Difficult Melody（映射），difficultmelody

Difficult Melody（映射），difficultmelody

題目鏈接

http://vjudge.net/contest/137242#problem/D

 

Description

You're addicted to a little game called `remember the melody': you hear some notes, and then you repeat it. In most cases, the longer the melody, the harder to repeat, but it isn't always true. Also, melodies of the same length are usually not equally easy to remember. To find a way to define the remember difficulty of a melody, you invented a statistics-based model: 



Suppose you're investigating melodies of a particular length. If a melody appeared in p games, among which you successfully repeated q games, the smaller q/p , the more difficult the melody. If there is more than one melody having the minimal ratio, the one with larger p is considered more difficult. But there is an exception: if p is smaller than a threshold m , you simply ignore it (you can't call it difficult if you haven't tried it a lot of times, can you?). The melody appears in a game if its string representation is a consecutive substring occurring at least once in that game. 

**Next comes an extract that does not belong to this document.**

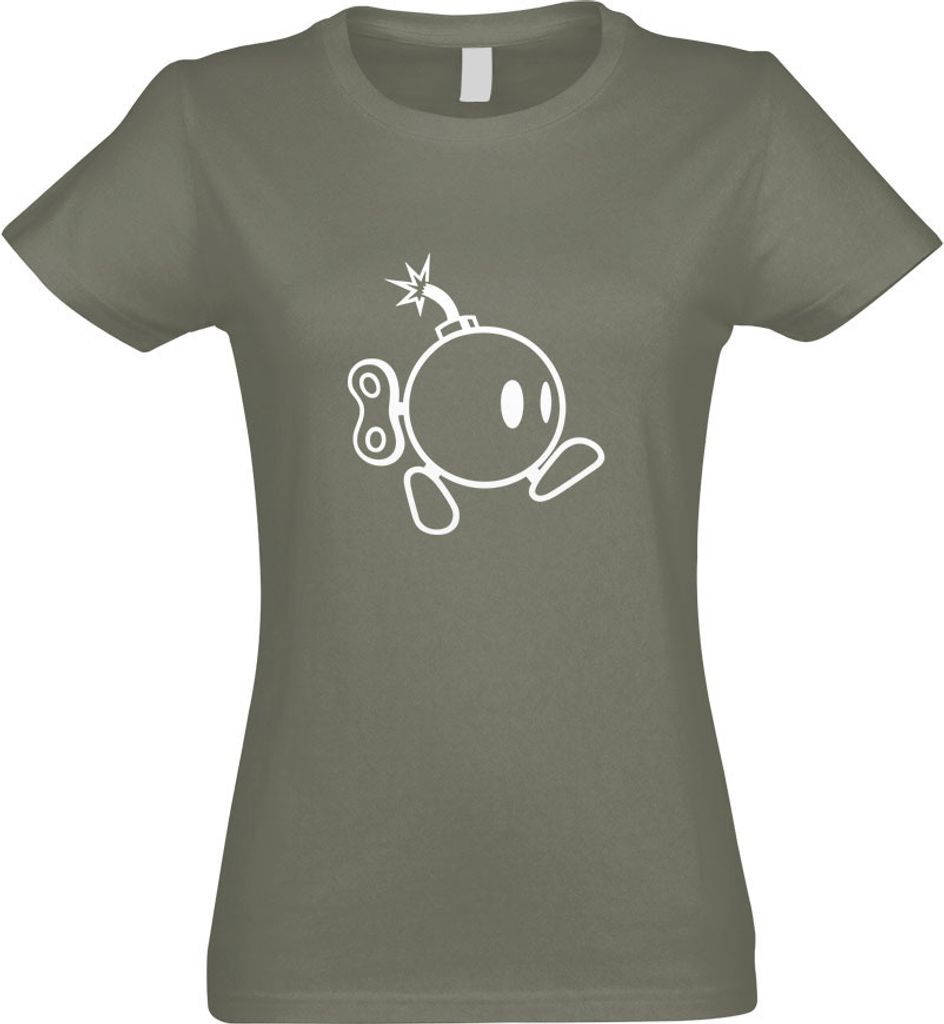 Kiwistar - T-Shirt tailliert - Damen - Olive - Bomber Running Bomb - mit Motiv Bedruckt - Funshirt Design - Sport - Freizeit - Damen - L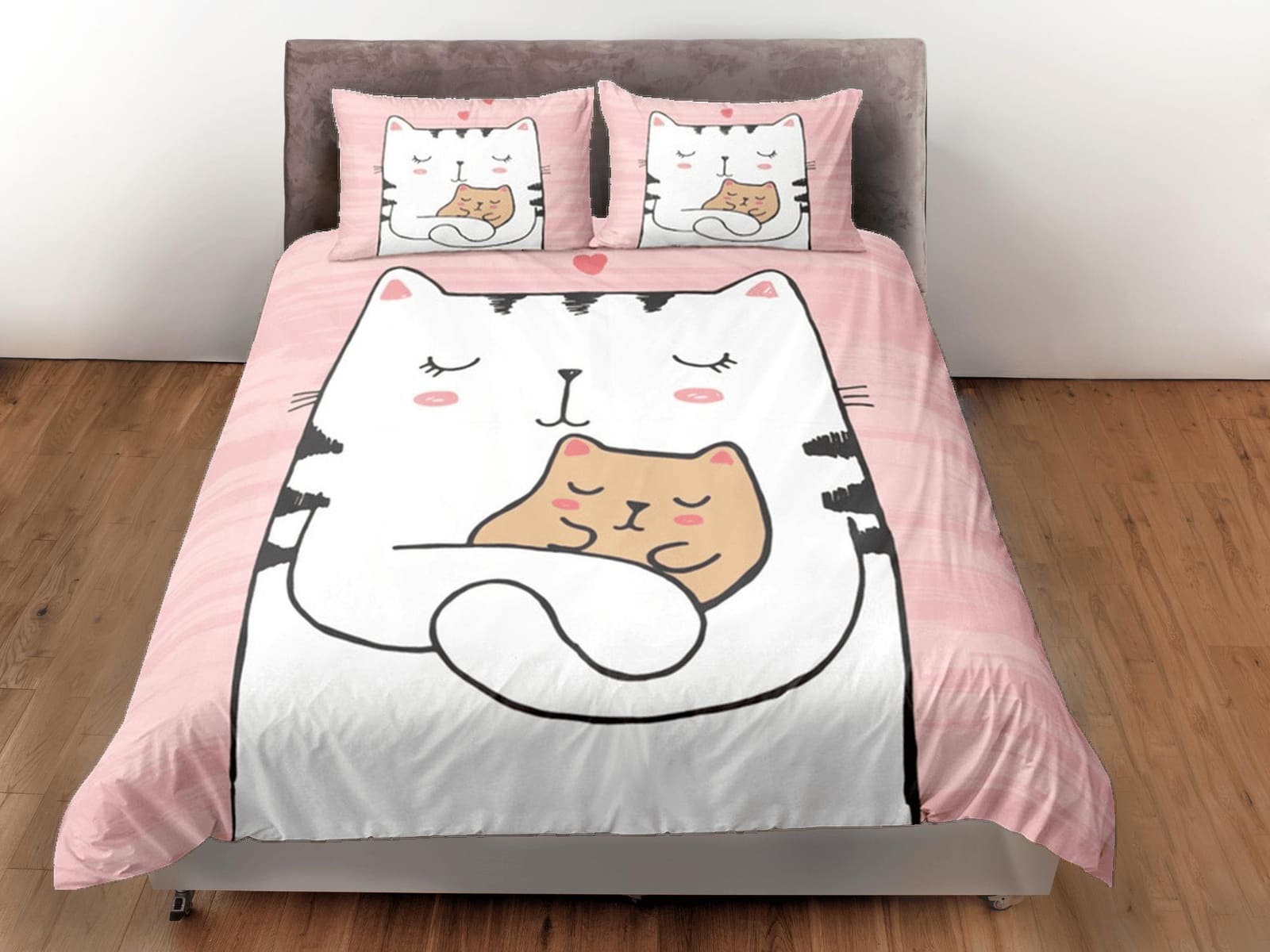 Sweet Cat and Kitten Cute Bedding, Toddler Bedding, Kids Duvet Cover Set, Baby Bedding, Baby Shower Doona Cover up to Cali…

Write a program to find the most difficult melody of length k , given n games you've played.

Input

The input contains several test cases. Each case consists of three integers n, m, k (1<=m<=n<=100, 1<=k<=20 ) , the next n lines each contain two strings separated by exactly one space: the game, and whether you successfully repeated it. The first string will contain at least one at most 100 upper case letters `C', `D', `E', `F', `G', `A', `B'. The second string will be either `Yes' or `No' (case sensitive). The last test case is followed by a single zero, which should not be processed.

Output

For each test case, print the case number and the most difficult melody. If there is more than one solution, output the lexicographically smallest one. If there is no solution, output the string `No solution'.

Sample Input

3 2 3 
EEECEG Yes 
BFCEG No 
DEBFCEGEEC No 
3 2 2 
AAA No 
BBB No 
CCC Yes 
0

Sample Output

Case 1: BFC 
Case 2: No solution


題意：輸入n,m,k  接下來的n行，每行輸入一個1~100的字符串（只包含大寫字母`C', `D', `E', `F', `G', `A', `B'），然後輸入"Yes" 或者"No"  求其中長為k的最難字符串，最難字符串定義如下：設這個子串在n個串中出現p次，在表示為"Yes"的串中出現q次，在同一個串中不重復計算只算一次，q/p比值越小難度越大，並且要保證p>=m 否則不考慮這個字符串，如果有多個字符串比值相同，輸出p較大的支付串，如果有多個p也相同，輸出字典序較小的字符串；

思路：用兩個集合分別記錄這些長為k的子串在n個串中出現的次數和在"Yes"表示的串中出現的次數；

代碼如下：

#include <iostream>
#include <algorithm>
#include <stdio.h>
#include <cstring>
#include <cmath>
#include <map>
#include <bitset>
using namespace std;
typedef long long LL;
map<string,int>mp1;
map<string,int>mp2;///Yes;
map<string,int>mp3;
map<string,int>::iterator it;

int main()
{
    int n,m,k,Case=1;
    while(scanf("%d",&n)&&n)
    {
        scanf("%d%d",&m,&k);
        mp1.clear();
        mp2.clear();
        char s1[105],s2[10];
        for(int j=0; j<n; j++)
        {
            scanf("%s%s",s1,s2);
            int len=strlen(s1);
            mp3.clear();
            for(int i=len-k; i>=0; i--)
            {
                s1[i+k]='\0';
                string s=(string)(s1+i);
                if(mp3[s]==0){
                    mp3[s]++;
                    mp1[s]++;
                    if(s2[0]=='Y') mp2[s]++;
                }
            }
        }
        int t1=9999,t2=99;
        string str="";
        for(it=mp1.begin(); it!=mp1.end(); it++)
        {
            if(it->second>=m)
            {
                int w1=mp2[it->first];
                int w2=it->second;
                int f=w1*t2-w2*t1;
                if(f<0||f==0&&w2>t2||f==0&&w2==t2&&(str>(it->first)))
                {
                    str="";
                    str+=it->first;
                    t1=w1;
                    t2=w2;
                }
            }
        }
        printf("Case %d: ",Case++);
        if(t1==9999&&t2==99) puts("No solution");
        else cout<<str<<endl;
    }
    return 0;
}